Well, that’s probably a translation to ease my conscience. In truth, I know it was just as often my own departure – to attend to my first real girlfriend – which brought the conversation up short.
By the end of September, we’d both drifted off. I made a few attempts to track him down in October, but he was never about – I assumed it was school-related. Sometime in the middle of November, however, I became worried.
That’s when my detective work began. I spent days wandering our old haunts, /whois-ing any familiar nicknames I could think of that we’d had some acquaintance with.
Finally, just after midnight on a Sunday, on a network entirely unrelated to the one we’d frequented, in a channel of ill repute, I found a lady who’d been a common friend. She delivered the news via a link to Carl’s college’s website.
He’d stolen some cyanide from one of the school’s labs, and, on the tenth of October, he’d swallowed a lethal amount.
Trying to describe my grief to my parents was tough – they’d already turned in for the night, and were in little mood to hear what ridiculous new drama their son had gotten involved in on the internet.
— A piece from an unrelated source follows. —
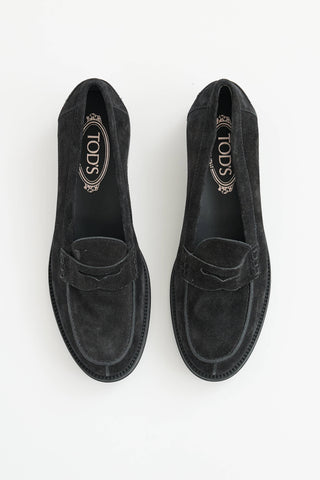 Tod's Suede Loafer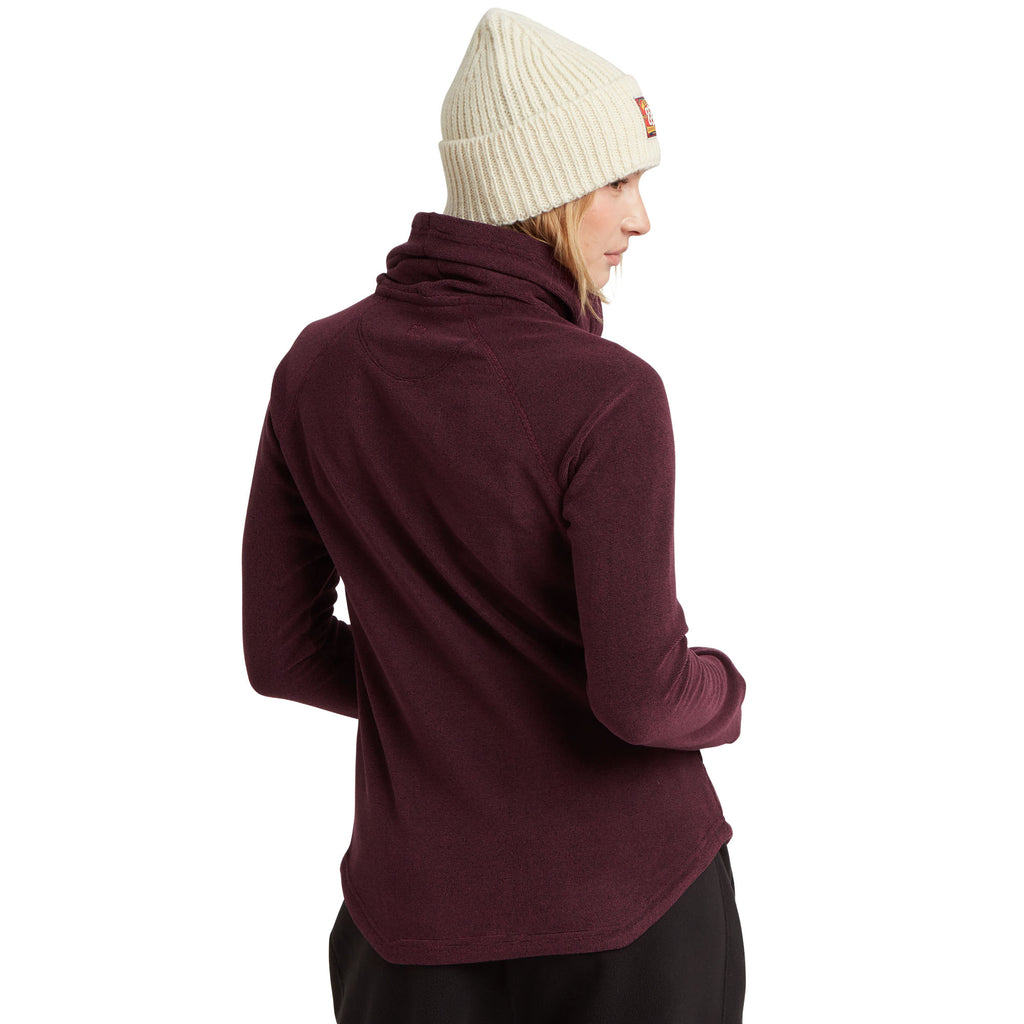 Women's Rolpa Pullover - Red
I was told to go to bed, as I had class in the morning.
Digging deep into my log files, I pulled out the number Carl had given me the previous summer, in case some emergency cropped up in our tiny empire. I hadn’t tried it in my recent search, as I’d thought he was half-way across the country from his parent’s house, getting an education.
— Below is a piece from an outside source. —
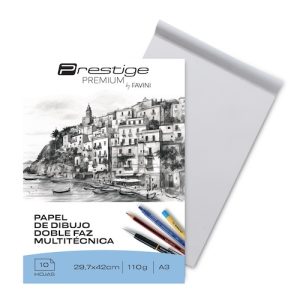 BLOC DE DIBUJO FAVINI A3, 110GR.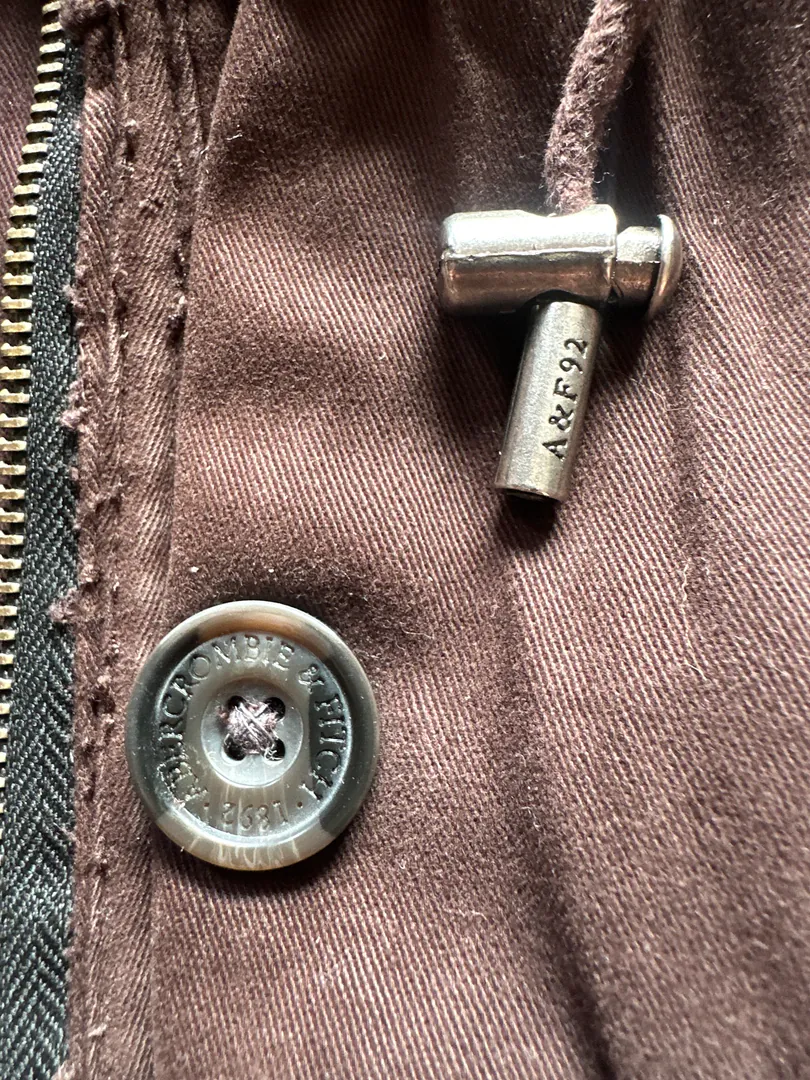 Abercrombie & Fitch jacket from the 2000s — photo 4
Knowing she was on the west-coast, and thus that it was about 9pm her time, I tried calling his mom.
Unable to understand why someone from the internet might care so much, she finally placated me with a promise to send me a picture of Carl in the mail, took down my address, then hung up.
I never received the photo.
In a comment to FP128, Barry, a fantastic gent, mentioned: “I just wonder if this isn’t a case of a bunch of people sticking their nose in where it doesn’t belong.”
Exploring the nature of privacy online is one of the reasons I created the Collective Detective, but there’s another question the CD is meant to ask: “Why and how is ‘real life’ supposedly separate from the internet?”
What is asked, and what is owed, in an existence entirely built around communication?
I don’t have an answer yet – but it’s something I’ve been wondering about for over a decade and a half.